What to produce: Take the lines from the line containing "Käfer Glitzer-Sticker (Set)" through the end of the entries and output them exactly, with no pictures and nothing more.

(Record set)

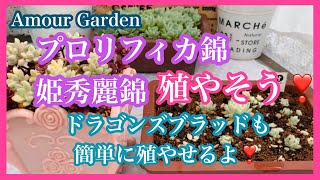 【多肉植物】プロリフィカ錦、姫秀麗錦を殖やそう❣️ドラゴンズブラッドも簡単に殖やせるよ❣️Amour Garden.Succulent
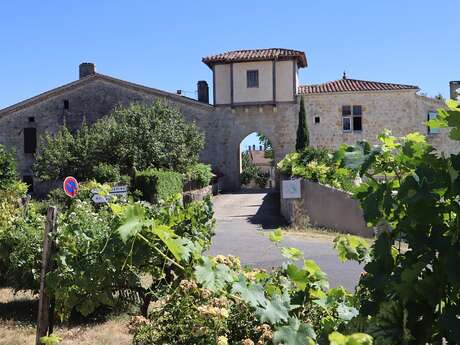 CHÂTEAUX ET GASTRONOMIE AUTOUR DE MAIGNAUT-TAUZIA - PR® n°29
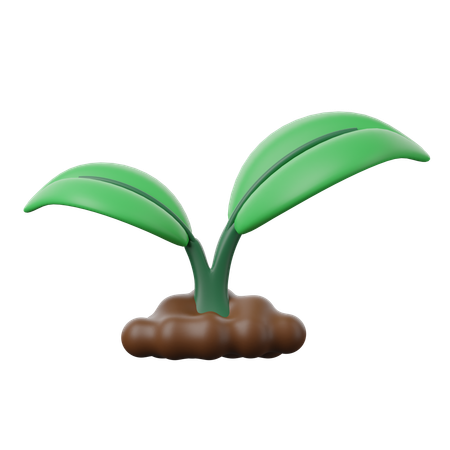 Plant Based  3D Icon
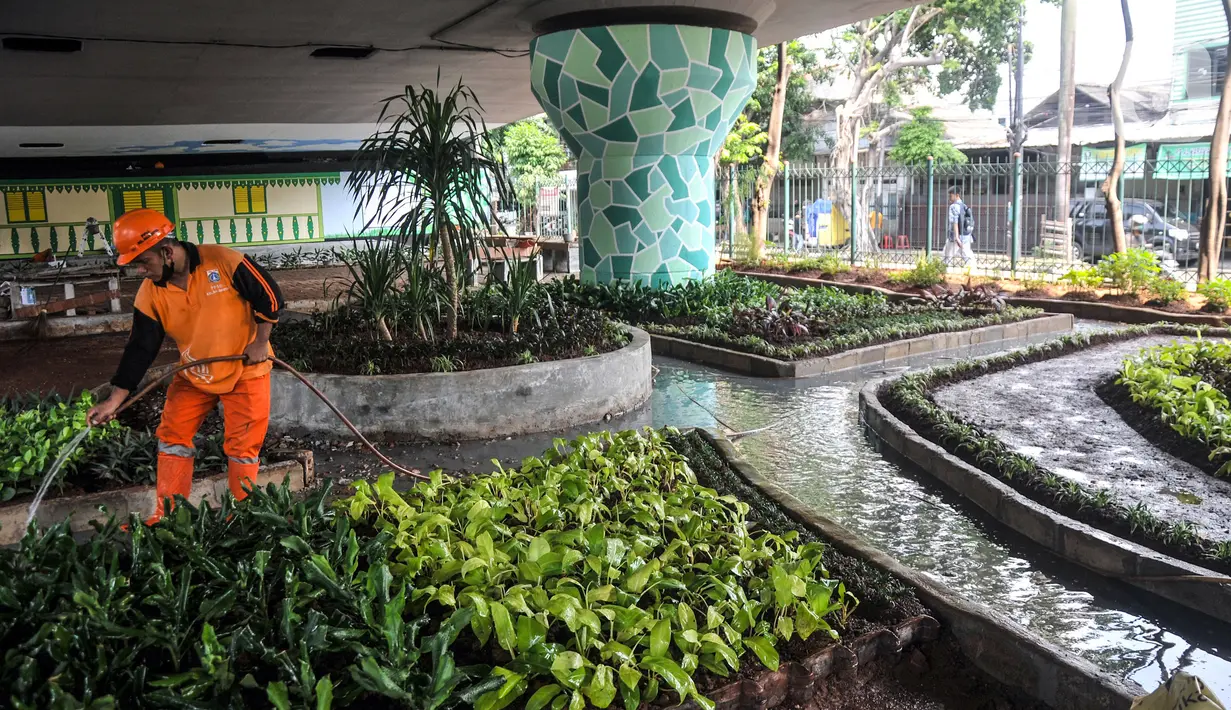 Petugas Penanganan Prasarana dan Sarana Umum (PPSU) Kelurahan Bali Mester menyiram tanaman saat menyelesaikan pembangunan taman bermain di kolong Flyover Kampung Melayu, Jakarta, Selasa (7/3/2023). Pembangunan taman bermain tersebut bertujuan mengubah kolong flyover yang sebelumnya terkesan seram menjadi tempat interaksi warga sekitar sekaligus penataan kawasan. (merdeka.com/Iqbal S. Nugroho)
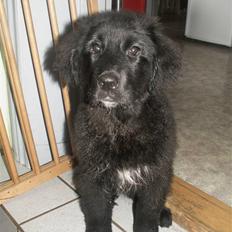 Newfoundlænder Jasmin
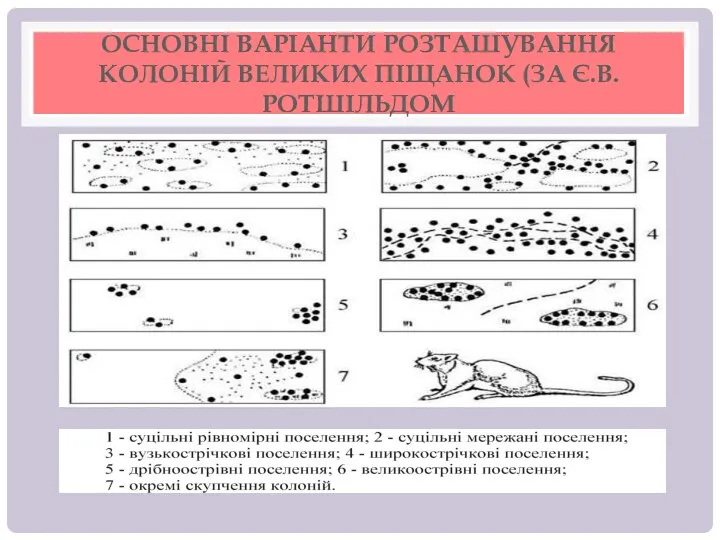 ОСНОВНІ ВАРІАНТИ РОЗТАШУВАННЯ КОЛОНІЙ ВЕЛИКИХ ПІЩАНОК (ЗА Є.В.РОТШІЛЬДОМ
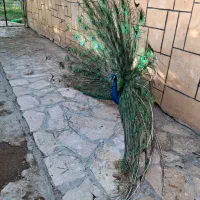 3جفت طاووس تخم گذار|پرنده|مشهد, منزل آباد|دیوار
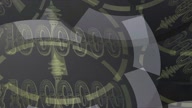 7810:23:00000013.jpg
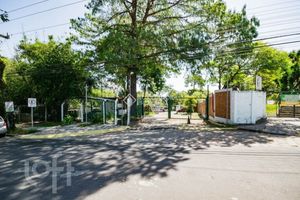 Image 5 - 884377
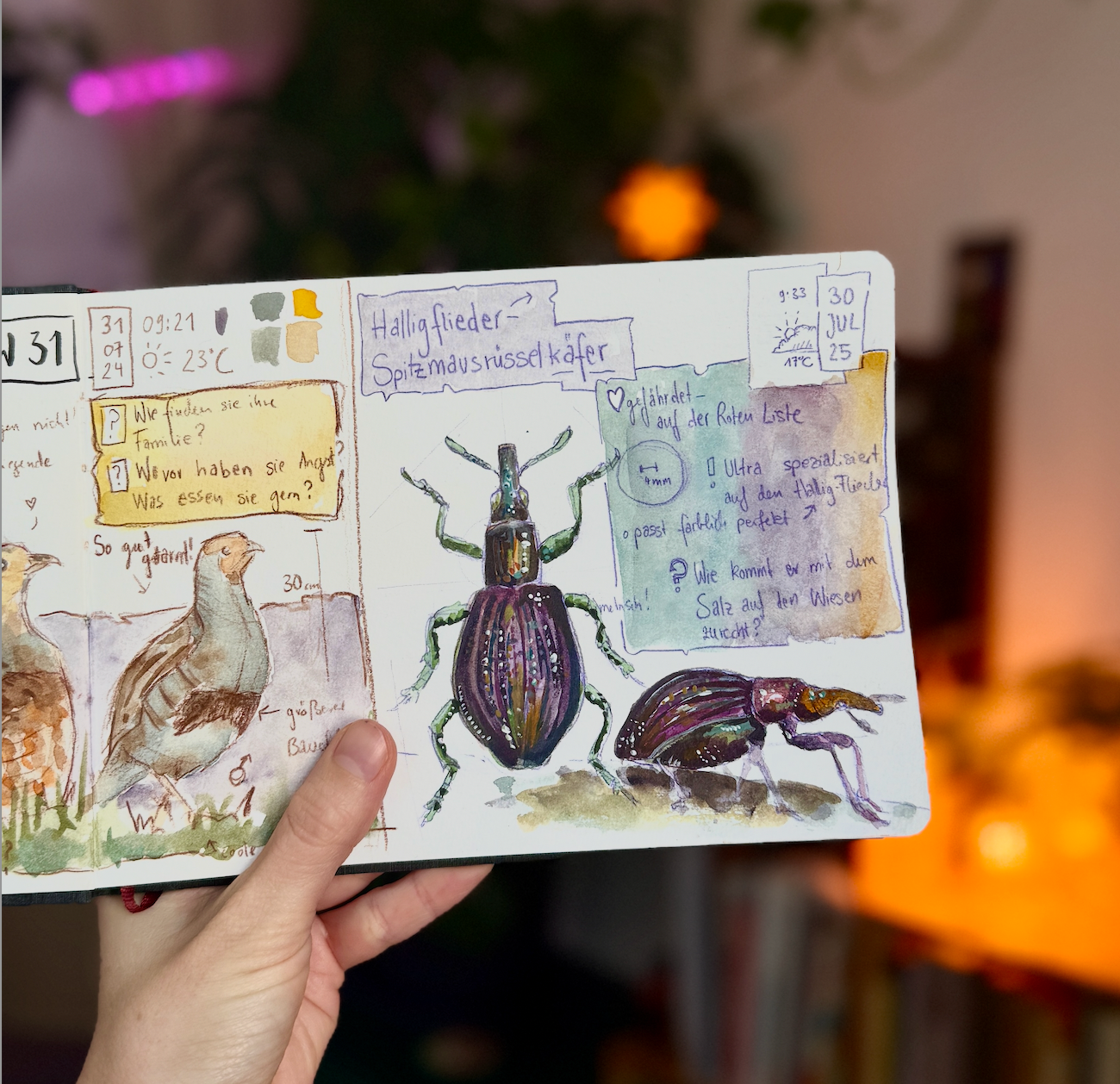 Käfer Glitzer-Sticker (Set)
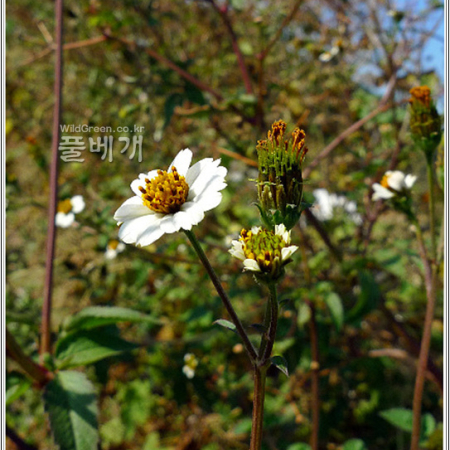 흰도깨비바늘(Bidens pilosa var. minor (Blume) Sherff) : 마리미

(End Record set)

Response to this exercise:
 Käfer Glitzer-Sticker (Set)
 흰도깨비바늘(Bidens pilosa var. minor (Blume) Sherff) : 마리미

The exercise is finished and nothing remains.